In the area of capacity building, today we are running a certification and educational program with the Chartered Institute of Bankers of Nigeria (CIBN) and the University of Lagos respectively. We are currently discussing with other partners to widen the opportunities across the country. We want to build a crop of young risk management professionals right from higher institutions and this would be a departure from what we have been used to seeing, where people only become aware of the discipline in the course of their career. Going forward, we are making concerted efforts to increase the appreciation of risk management practices beyond the financial services. Currently corporate and individual membership of the association cuts across all economic sectors. However, we would want to see a strong entrenchment of risk management practices in public institutions and agencies. We are strong on the establishment of a national risk management agency in the public sector.
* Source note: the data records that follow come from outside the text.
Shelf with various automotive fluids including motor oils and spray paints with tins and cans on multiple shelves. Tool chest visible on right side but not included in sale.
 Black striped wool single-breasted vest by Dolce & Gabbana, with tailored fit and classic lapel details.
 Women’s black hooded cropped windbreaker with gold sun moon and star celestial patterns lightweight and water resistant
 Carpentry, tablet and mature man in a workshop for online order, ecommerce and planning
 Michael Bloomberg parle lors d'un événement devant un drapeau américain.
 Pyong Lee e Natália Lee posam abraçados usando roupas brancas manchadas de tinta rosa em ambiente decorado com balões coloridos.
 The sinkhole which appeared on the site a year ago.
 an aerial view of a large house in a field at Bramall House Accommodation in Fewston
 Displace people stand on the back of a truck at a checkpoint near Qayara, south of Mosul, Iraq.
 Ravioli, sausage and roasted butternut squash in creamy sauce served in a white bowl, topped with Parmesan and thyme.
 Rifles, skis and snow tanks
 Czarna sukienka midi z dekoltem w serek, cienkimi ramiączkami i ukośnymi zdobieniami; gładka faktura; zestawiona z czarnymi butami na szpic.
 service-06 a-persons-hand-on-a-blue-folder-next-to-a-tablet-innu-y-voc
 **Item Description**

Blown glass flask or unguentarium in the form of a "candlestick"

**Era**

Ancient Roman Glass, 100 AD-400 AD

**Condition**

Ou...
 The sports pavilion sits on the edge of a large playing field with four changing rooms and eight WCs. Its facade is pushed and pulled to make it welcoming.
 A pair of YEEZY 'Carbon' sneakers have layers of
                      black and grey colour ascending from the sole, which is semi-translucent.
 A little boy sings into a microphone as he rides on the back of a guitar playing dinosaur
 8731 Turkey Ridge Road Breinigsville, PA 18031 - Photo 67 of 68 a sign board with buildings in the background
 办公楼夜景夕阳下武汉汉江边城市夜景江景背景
Today fiscal and monetary policies as well as other aspects of public governance are prone to sub-optimisation because of our silo approach in planning and execution. Some of the policies and actions of government agencies work are at cross purposes. An enterprise risk management approach under the proposed body should enable us manage effectively the various risks we face as a country from a helicopter view point. The association is also working on few other initiatives which I would not want to share at this point in time, but one thing is certain, we are determined as a body to create the awareness and environment that either in our corporate or private lives should help us manage proactively on day-to day bases the various risks that challenge our existence and the achievement of set objectives.  

As a new president what changes are you bringing to the association?


The focus of the association is very clear, so it may be difficult or inappropriate for me as the new president to claim or desire to bring certain changes for the sake of change, or as we understand it in our environment, when a new leadership takes over, be it in public or private Institution. Having said this, let me quickly point out that I have been part of the leadership structure of the association in the last one decade on different capacities, and played key roles in the strategic growth aspirations of the association. For us, we are still on a journey. My tenure as the president, working with my executive council would focus on achieving and strengthening most of the initiatives my predecessors started given that they are well thought-out programs. Maybe when we have achieved most of the earmarked programs, we can begin to talk about new one or changes. This is however not to say that where certain changes become immediately imperative, we would not respond accordingly.


What has been the association’s contribution towards the growth of the economy?

RIMAN has been in existence formally for the last two decades. Within this period, it has championed and remained steadfast with its primary goals of risk management advocacy and capacity building. We led the advocacy and created platform for the establishment of private credit bureaus as we have them today. Such agencies are very vital to support sound credit judgement to enable credit creation activities in any economy. We have been at the forefront in building strong risk management environment beyond the financial services sector where we started through formal training programs and public workshop/seminars. In the last couple of years, we have extended our risk awareness and capacity building through separate certification and academic collaboration programs with the Chartered Institute of Bankers of Nigeria (CIBN) and the University of Lagos (UNILAG). We are currently holding discussions with other potential partners to reach most parts of the country. The association has also been working closely with the various regulatory institutions in some policy formulation that support economic activities. In doing all these, we are clear that an economy can only grow where decision makers take risk informed decisions.